Surface oxygen vacancies on WO3 nanoplate arrays induced by Ar plasma treatment for efficient photoelectrochemical water oxidation

Abstract The construction of surface defects on semiconductor oxide photoanodes has been identified as a promising route for attaining improved photoelectrochemical (PEC) performance. Here, Ar plasma treatment has been used to etch the surface of hydrothermally synthesized WO3 nanoplate array films, which generated surface oxygen vacancies (Ovs) with the concomitant reduction of surface W6+ to W5+/W4+. As a result, the visible-light absorption and photogenerated charge separation of WO3 was enhanced, as evidenced by X-ray photoelectron spectroscopy (XPS), UV/Vis diffuse-reflectance spectroscopy (DRS), and photoluminescence (PL) spectroscopy. A WO3 photoanode subjected to Ar plasma treatment for 120 s exhibited a photocurrent density of 1.32 mA cm−2 and an O2 evolution rate of 1.0 μmol cm−2·min−1 under simulated solar light irradiation at a bias potential of 1.23 V vs. reversible hydrogen electrode, approximately 1.7- and 5-times higher, respectively, than those of a pristine sample.
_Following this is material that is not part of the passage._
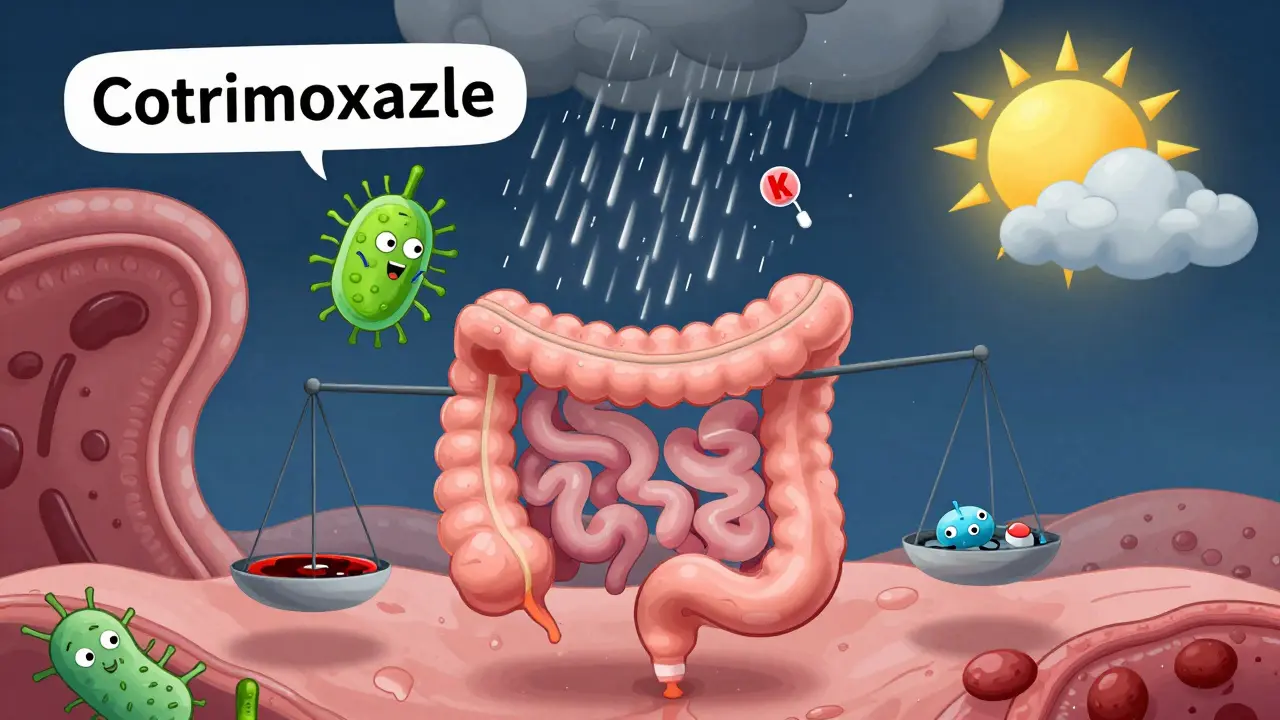Cartoon gut showing bacteria dying and vitamin K disappearing due to antibiotic rain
This improvement is mainly attributed to the facilitative effect of surface oxygen vacancy defects, which promote electron–hole generation and separation rates and decrease the interfacial charge-transfer resistance between the WO3 photoanode and electrolyte. Our Ar plasma surface modification also has potential for developing other photoanodes for efficient PEC performance.